Data block START

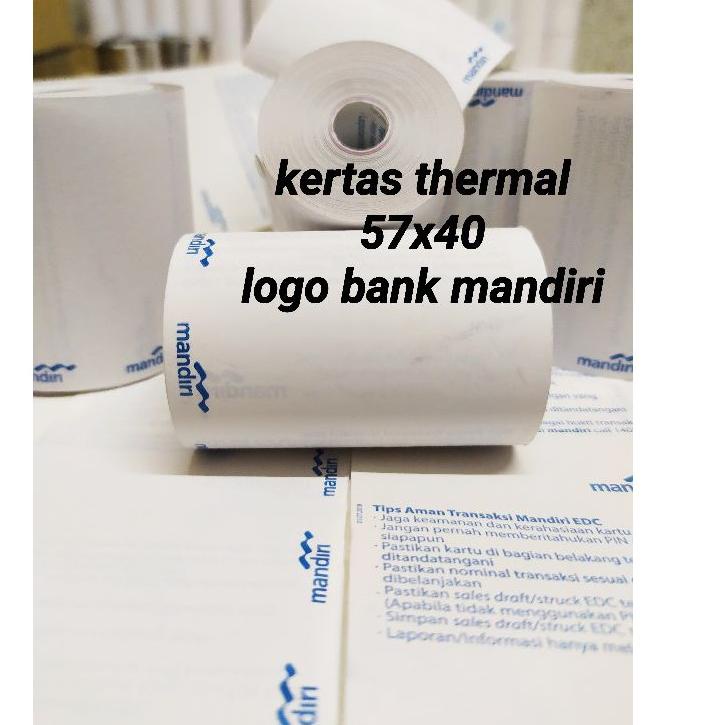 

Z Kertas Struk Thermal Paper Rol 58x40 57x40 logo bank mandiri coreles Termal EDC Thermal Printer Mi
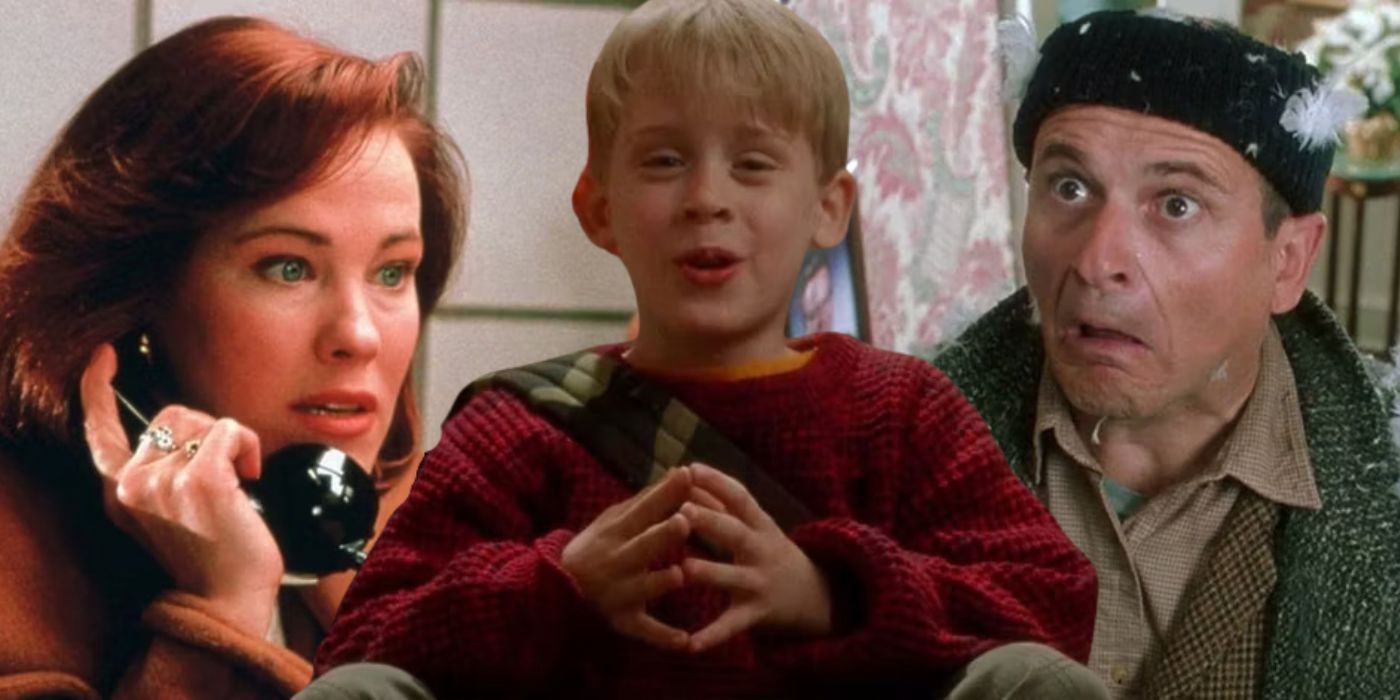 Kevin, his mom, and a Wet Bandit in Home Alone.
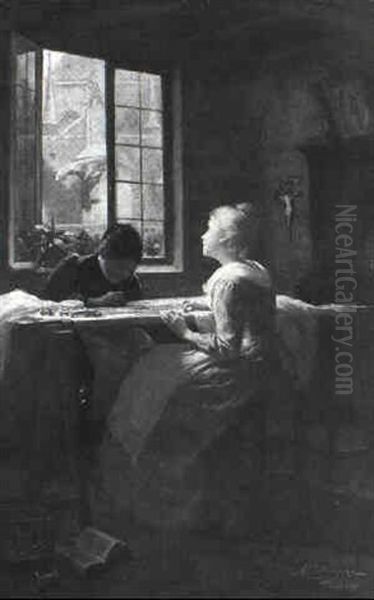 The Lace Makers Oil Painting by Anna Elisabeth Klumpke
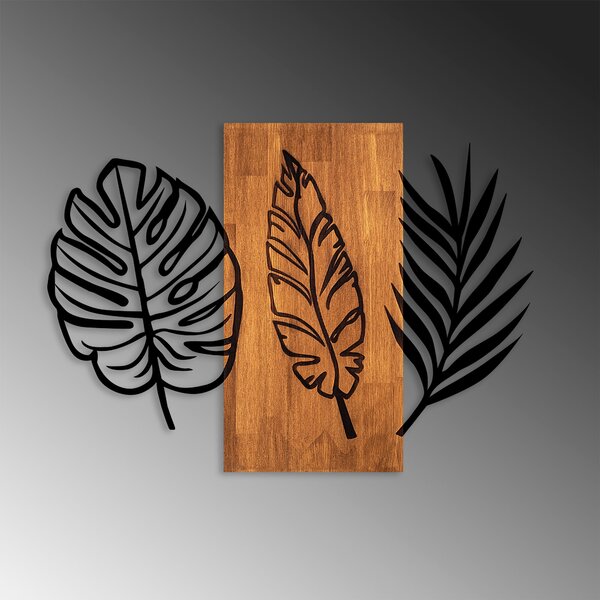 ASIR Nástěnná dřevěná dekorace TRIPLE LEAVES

Data block END

**Task requirements**
Restate the listing word for word. Pictures do not belong in the copy.

**Task output**
Z Kertas Struk Thermal Paper Rol 58x40 57x40 logo bank mandiri coreles Termal EDC Thermal Printer Mi
 Kevin, his mom, and a Wet Bandit in Home Alone.
 The Lace Makers Oil Painting by Anna Elisabeth Klumpke
 ASIR Nástěnná dřevěná dekorace TRIPLE LEAVES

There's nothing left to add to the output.